On your way home, while you are on the train, you pull out your phone and read about the latest trends in retail. The article refers to the rise of Amazon and like the below quote by Jeff Bezos:
“Our focus is on customer obsession rather than competitor obsession, eagerness to invent and pioneer, willingness to fail, the patience to think long-term, and the taking of professional pride in operational excellence.”
Now, you start to understand why lines of credits for your existing business have appeared to be harder work lately than in the heydays.
Retail may not be your thing, but if you ever invested your time, effort or money in Customer experience it is quite likely you may feel like our shop owner at some point in this journey. You might even be asking yourself profound existential questions already. How can you get the biggest bang from your bucks? What approach would you need to take to identify customer pain points? What would delight customers? When does it make sense to ‘delight’ customers?
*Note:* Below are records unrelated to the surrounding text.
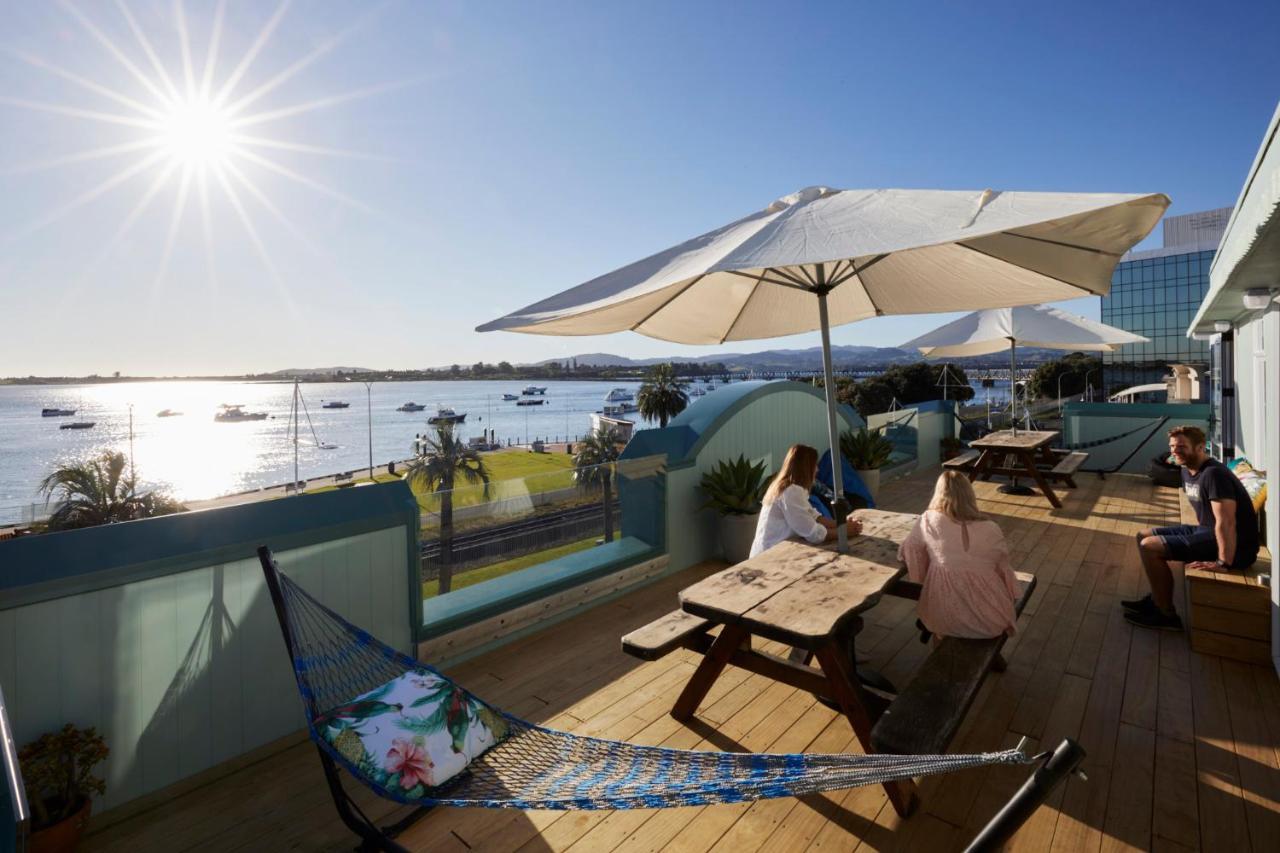 Wanderlust Nz Hostel Ταουράνγκα Εξωτερικό φωτογραφία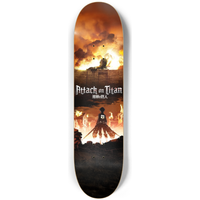 Attack on Titan
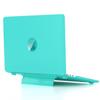 Funda Protectora para MacBook con Soporte Cubierta Protectora para Laptop Apple MacBook Pro Air Funda Mate para Computadora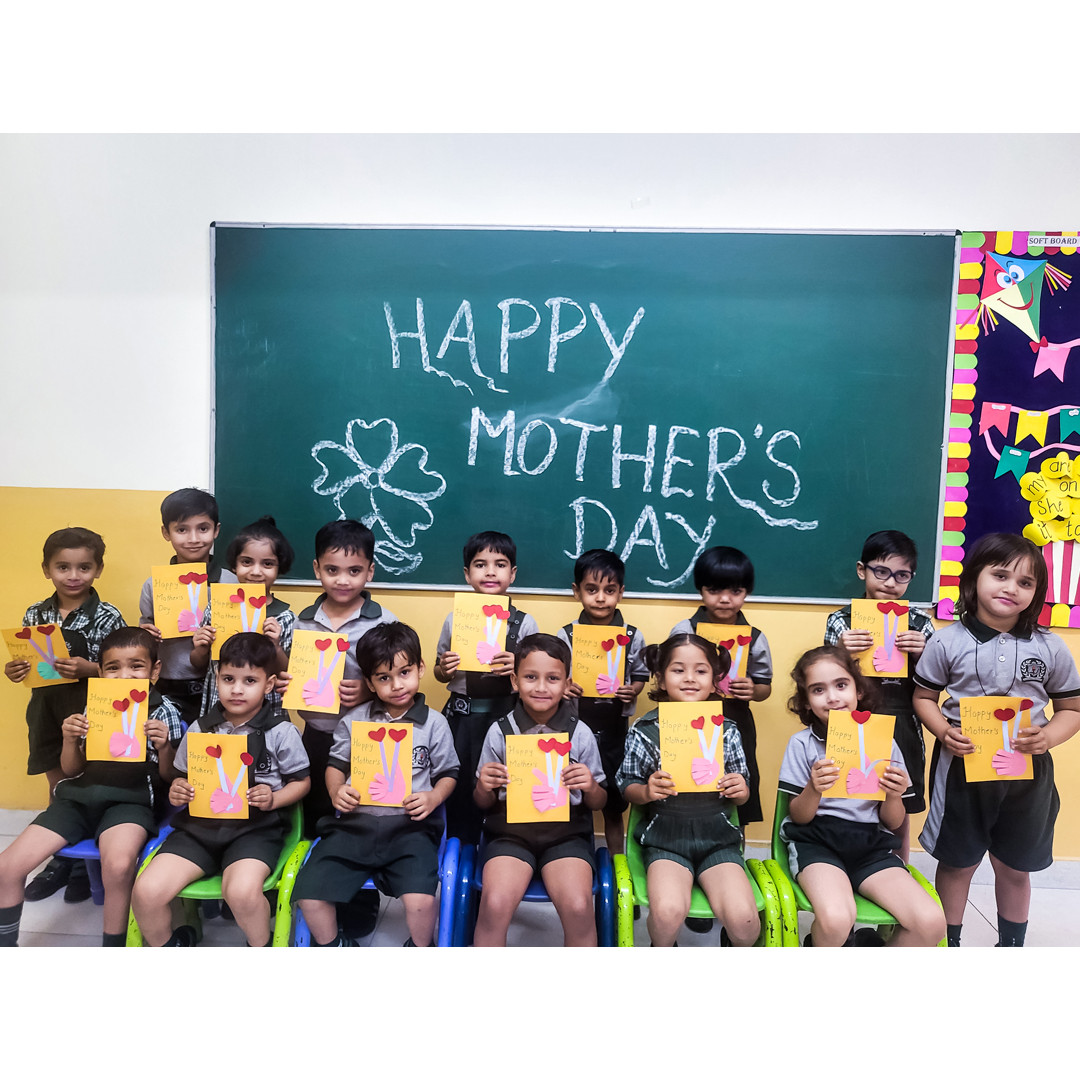 Delhi World Public School 23
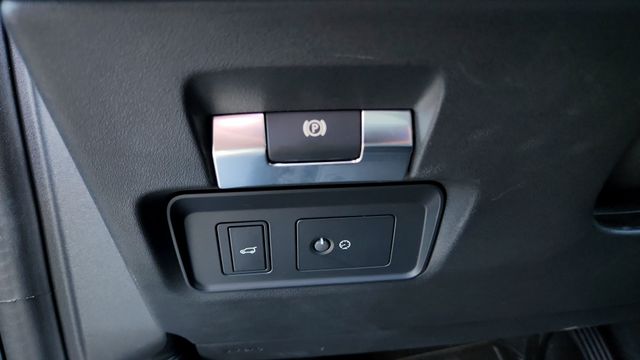 2022 Land Rover Discovery Sport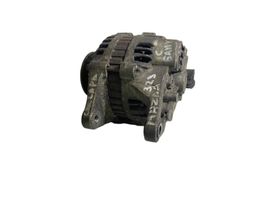 ZAZ 101 Alternador A5T00877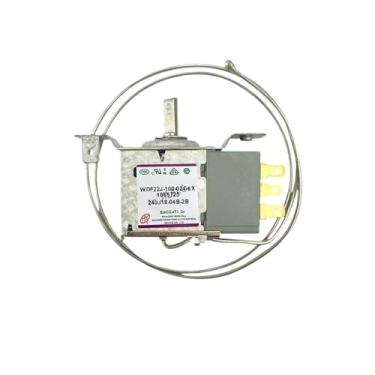 Imagem de 1 peça WDF22J-100-24-EX interruptor de controle de temperatura geladeira acessórios para termostato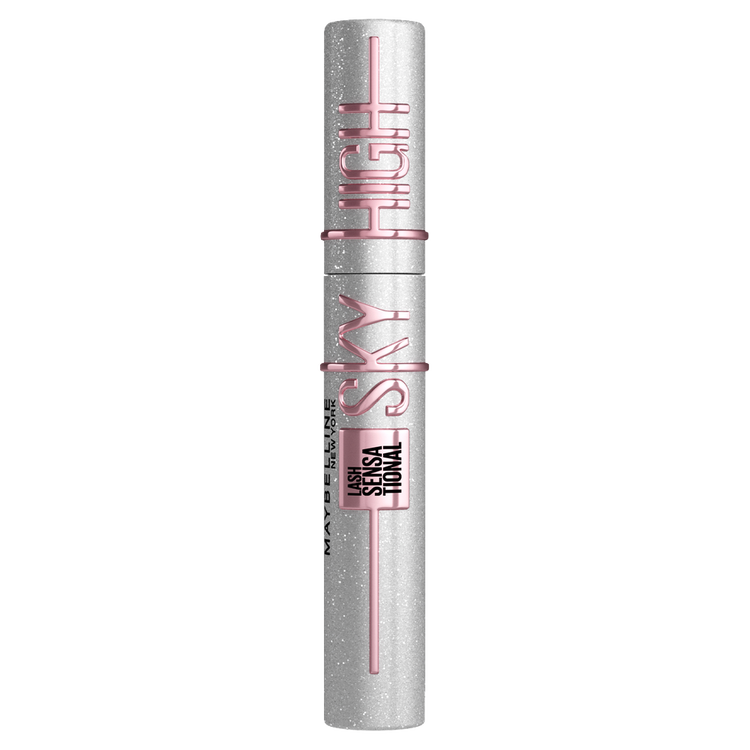 Lash Sensational Sky High Máscara de pestañas alargamiento y volumen definido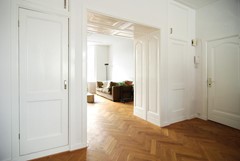 Nieuw in verhuur: Hoofdweg 34-2, 1058 BD Amsterdam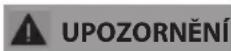 GLORIA Profiline 410TKS - Vyprazdňování a čištění >> obrázky 21 - 27 - 2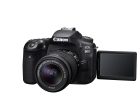 Canon EOS 90D DSLR Camera with 18-55mm IS STM Lens Online now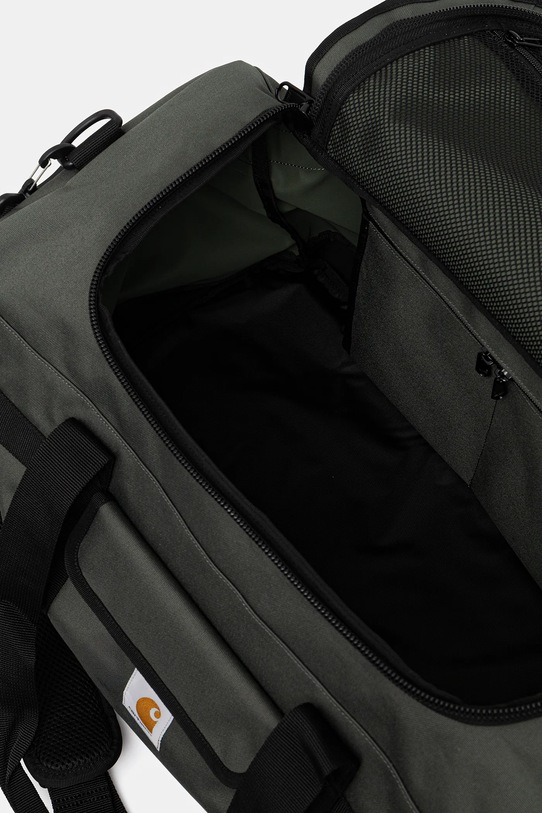 Carhartt WIP geantă Jack Duffle Bag I031580.2ZXXX verde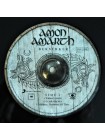 35008211		 Amon Amarth – Berserker, 2 lp	" 	Melodic Death Metal, Viking Metal"	Black, Gatefold	2019	"	Metal Blade Records – 19075920521 "	S/S	 Europe 	Remastered	03.05.2019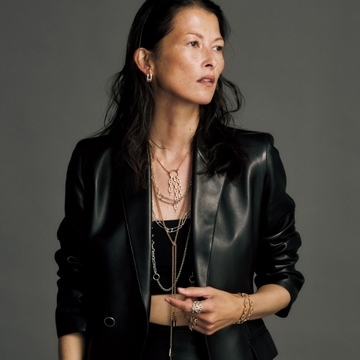 ジュエリー選びは自分の「好き」を楽しんで。掟破りの地金ミックスこそ大人の醍醐味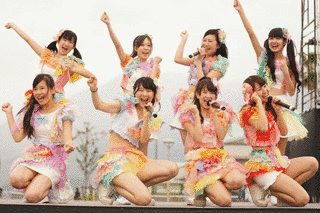 SEVEN COLORSの画像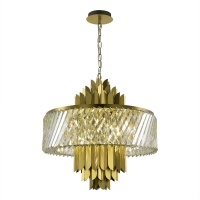 Подвесная люстра ST-Luce SL1635.303.09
And, if you are lucky enough to come from an industry which is yet to be disrupted by a player who “gets” customer experience the way Amazon or Apple do, then it is really just a matter of time before you see the equivalent of an Amazon surface.
Sadly, though, there is no such thing as a wonder hit when it comes to Customer Experience. Since loyalty matters for most businesses, we are in it for the long run. Not a one-night stand, but a marriage of some sort. Played in the ‘Woodlands’ of bricks and mortar as well as in the Digital Space ‘Fairyland’, for the best of times and for the worst of times.
Which, in real terms, means that organisations may need to back up every one of their moves to stay ahead, since customers will be judging them based on their weakest link, during every episode, whether they want to make a purchase, get help, get advice or renew a partnership or their subscription.